Authentic Quality Time

“If you truly want to love someone, learn what love means to them.”

An acquaintance of mine complained to me saying, “I don’t understand my wife, she says, “we don’t spend any time together.” I asked him how he spends his time. He explained to me that he works six days a week and every evening he goes home after work, his wife cooks for him and his two kids and they have dinner together. After dinner he spends an hour or so with the kids before they go to bed. He then sits with his wife and they watch TV till they go to bed. “What do you do on your day off?” I asked.  “Oh, we go to church and then I watch the game.” “After we watch a movie or read together.”

If this sound’s like your relationship don’t be alarmed. If you are mutually happy with this, then this is both your quality time. Knowing how to spend Quality time with your spouse is not an easy affair. And it changes at different time depending on your circumstances. My friend in his mind was spending time with his wife. The problem was her idea of quality time was quite different than his. Loving another person requires knowing what love means to the other person not just to yourself.

Considering the fact that we all grew up in different households, our cultural differences, religious understandings, etc., what love means is different to everyone. Quality time means something different to each one of us. Having a successful relationship is to get to the truth of what your partner requires from you to feel loved.

My friend needed to sit down with his wife, turn off the TV and ask what she felt spending time together meant for her period. Caring about someone means caring about what they think, even though you might not agree, at least you can let them be heard. Many times we can become so wrapped up in ourselves, that we forget that love is a give and receive process, and the giving has to be what the other person involved understands is love. If you or your partner is complaining about time together, maybe it’s time to sit down and exchange opinions on what constitutes authentic quality time to each other. Below are some ways to help bring more quality time into your relationship:

Talk about your problems; Many times TV watching is used as a distraction in relationships when there is a brewing problem that needs to be addressed. Try turning off the TV and giving your full attention to your partner and discuss where your relationship is going.

Spend time playing games together: You might already do this with the kids, but do you and your partner play cards, monopoly or any other games together? This is a great way to get conversation going again when emotions run high and leaves your love dry.

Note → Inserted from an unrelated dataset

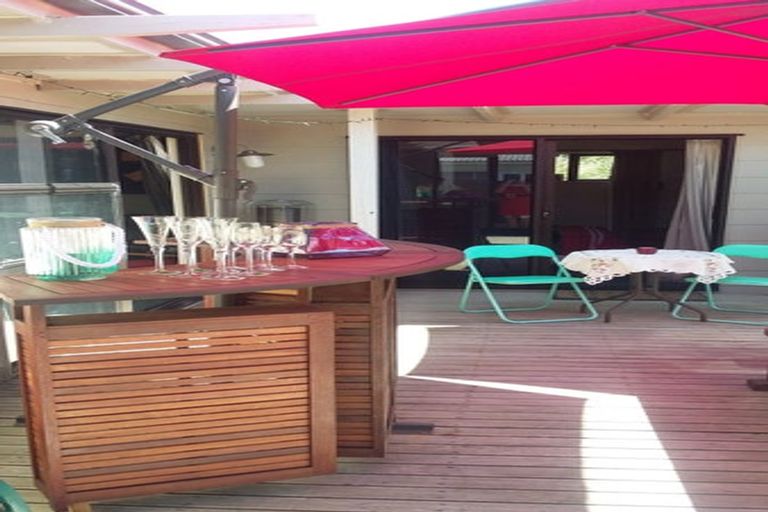 Photo of property in 21 Salle Road, Ruakaka, 0116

Go shopping together: Even if your girl wants to go clothes shopping, tag along sometimes, it’s amazing what you can learn about her on the way. It’s also a great way to learn what to buy your partner on special occasions.

Listen without taking it personal: This is a tough one for many of us. But realize when someone is complaining it’s their perspective and opinions. It does not mean it is the way things are, it does mean it’s the way it is for them. Allowing them to release their emotions is giving them the quality time of listening. Trust me, listening at home keeps outsiders from hearing about your relationship issues.

Never stop dating one another: Gifts, complements, holding hands and loving hugs, go a long way especially when there are a surprise. Send flowers, put notes on her pillow, get home early and cook a meal. Pretend you are dating all over again and try to win your partner all over again.